Eye-movement Control
Eye tracking has shown that when we read, we skip around 30% of the words that we read. Many of these words are function words, such as prepositions and articles, but some are content words. There are many theories as to what might contribute to skipping behaviour, but Shauna and her colleagues have been investigating the possibility that one contribution is the size of a word’s orthographic neighbourhood—that is, the number words that can be created from a word by changing only one letter. Understanding this skipping behaviour provides the opportunity to understand more about how readers process words while reading.
Abbreviations and Reading
Most recently, Shauna has been engaged in a line that was inspired directly by a student’s research question on learning about pseudohomophones (non-words that sound like real words) in discussions of cognitive psychology (Fanello & de Long, in prep). Their goal in conducting this research is to understand how readers process different SMS abbreviations when compared to real words. Past research has indicated that SMS abbreviations are not recognized as quickly as the fully spelled words (e.g., Perea, 2009). However, as younger generations of readers use SMS abbreviations with increasing frequency and from a younger age, it is possible that SMS abbreviations may be processed more like their fully spelled counterparts. Because context and familiarity can influence our ability to process words, they also aim to compare readers’ speed in processing SMS abbreviations in both formal and informal contexts. They found evidence that some types of SMS abbreviations may be processed more successfully than their fully spelled counterparts; more specifically, words that deleted vowels out-performed fully spelled words on a sentence verification task in both the formal and informal conditions. This early evidence seems to indicate that the way we process SMS abbreviations is changing alongside our use of technology.
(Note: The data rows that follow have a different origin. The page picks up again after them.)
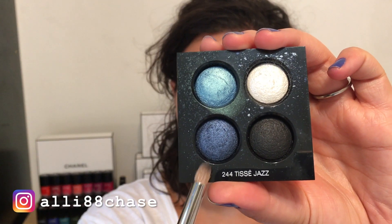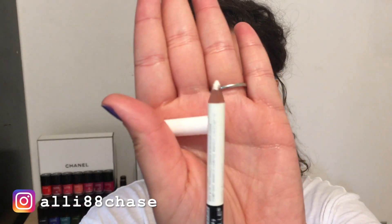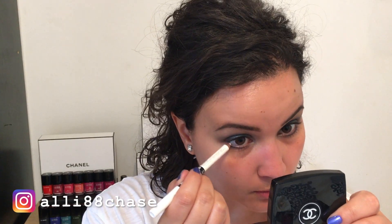I'm going back into my Tissé Jazz Palette and going into the darker blue color to go along my lower lash line. In the waterline on the bottom, I'm going to go in with a white eyeliner — this one is from the pharmacy. I've had it for a very long time; I think it's by Annabelle. So I'm just going into the waterline here.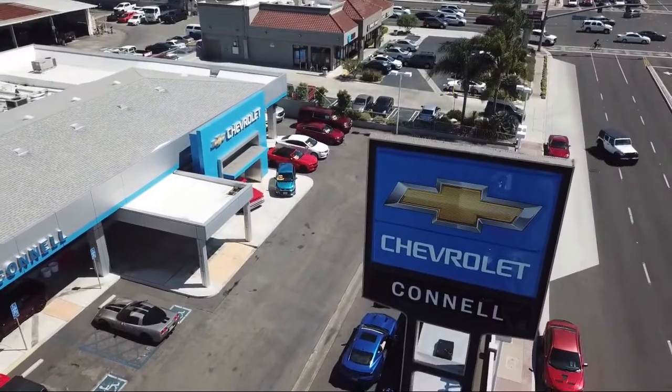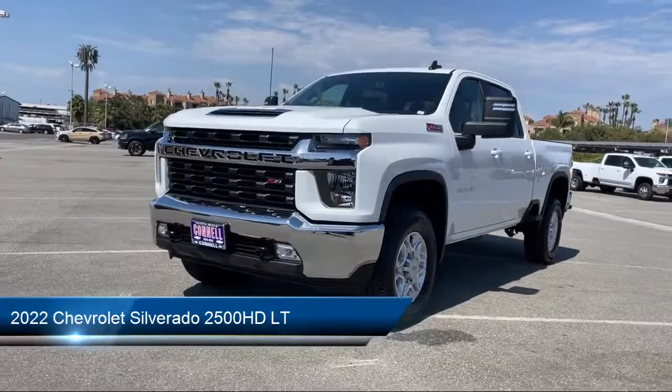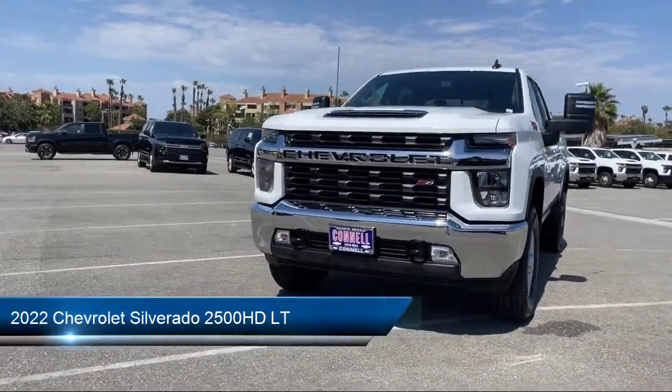Welcome to Connell Chevrolet, your premier destination for purchasing a vehicle. Here's a look at another one of our great vehicles from our extensive inventory.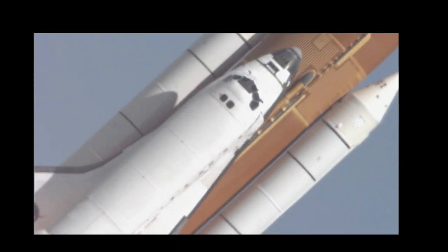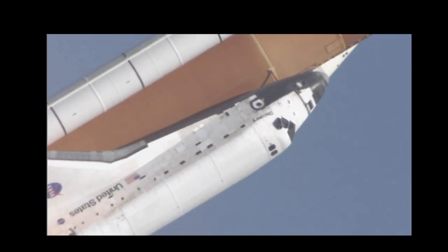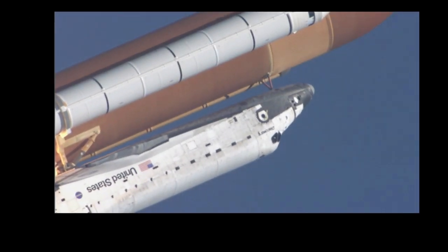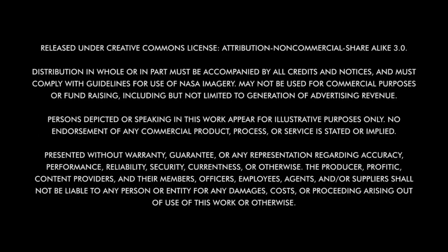Just a few seconds later, once we leave the pad, we do a right roll that heads us in the correct course to go into space. And then once that's complete, all we do is just go up very quickly. And when you glance out — I glanced out my window once here — and you could just see the earth dropping away. It's an amazing sight.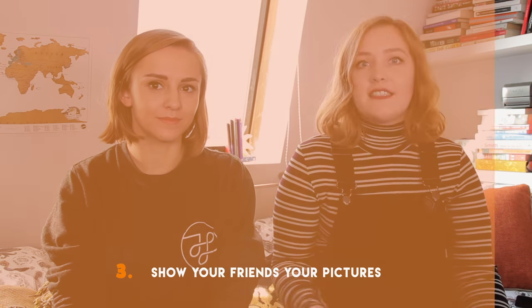Tip number three, attached to that, is to show your friends your pictures and ask them honestly: is this what I look like? Sanna, is this what I look like? Yes, I think it is. You also have a full body shot which is always good, a good mix, and a friend picture towards the end which is nice — though then people have to guess which one you are.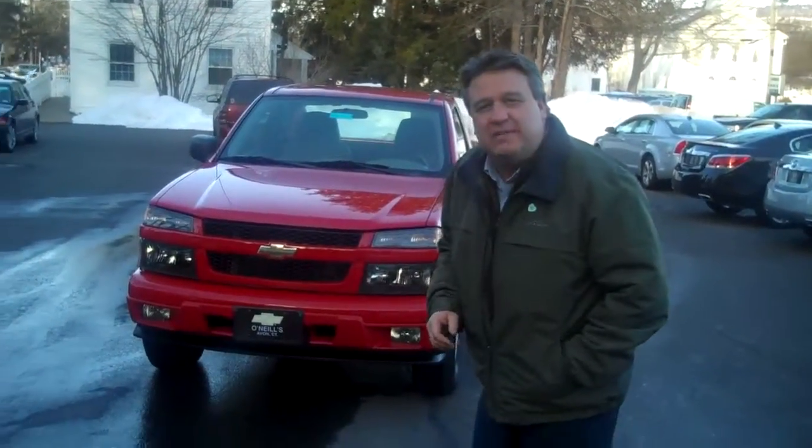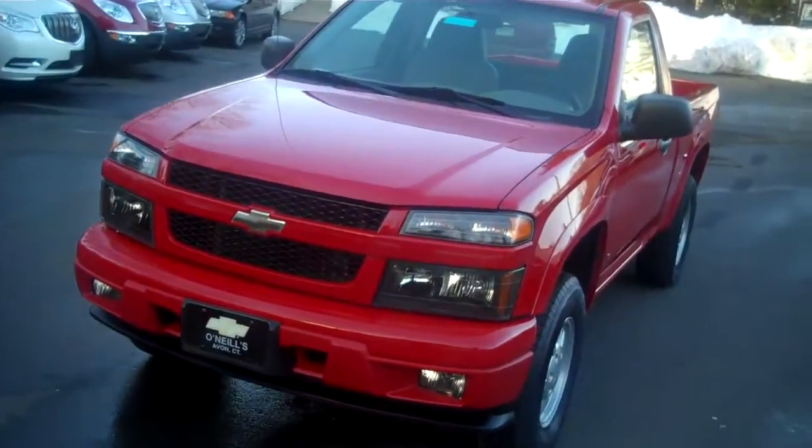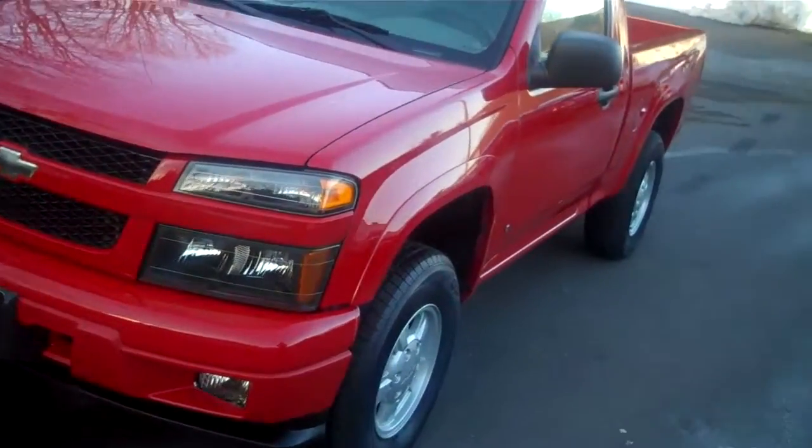Scott here from O'Neill Chevy Buick in Avon, Connecticut. We've got a 2007 Chevrolet Colorado four-wheel drive with only 60,000 miles on it. It is a one-owner vehicle with a clean Carfax.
Overview of Research in Educational Psychology
As language diversity increases throughout the United States, it becomes increasingly necessary for educators to learn how to support students with different linguistic backgrounds, including emergent bilingual students. Toward addressing this need, Shauna has worked on projects investigating how different teacher positions and family orientations are connected to the development of autonomy and mastery achievement goals among students with diverse linguistic backgrounds.
Teacher Positioning toward Cultural and Cognitive Autonomy
Kim et al. (2019) used a qualitative approach toward investigating the role teacher positioning plays on student autonomy (Kim, de Long, et al., 2019). Nine middle-school teachers of predominantly emergent bilingual students were interviewed and their classroom practices were observed in order to understand how teachers positioned themselves in ways that supported or hindered their students’ cultural and cognitive autonomy. Using constant comparative analyses through the lenses of critical race theory and achievement motivation theory, we ultimately found that the teachers tended to position themselves according to four patterns: supportive of cultural and cognitive autonomy, supportive of cognitive autonomy but not cultural autonomy, partially supportive of cognitive autonomy but not at all supportive of cultural autonomy, and supportive of neither cultural nor cognitive autonomy. This study highlighted some of the difficulties teachers face in adjusting their pedagogical practices to meet the needs of the changing demographics of their students. It emphasized the need for pedagogy that supports not only the cognitive autonomy of students, but also their cultural autonomy.
Family Orientation and Achievement Motivation
Kim et al. (2020) used a quantitative approach in investigating the connections between family orientation and achievement motivation (Kim, de Long, et al., 2020). To this end, a path model analysis was conducted to better understand the relationships between the role of family orientations, achievement goal orientations, and parents’ and classroom goal structures among 331 linguistically diverse high school students. The results of this analysis showed that family orientation acted as an indirect effect between parents’ and students’ achievement motivation goals. This study joins the body of literature demonstrating that a holistic approach is needed to understand students and their pedagogical needs.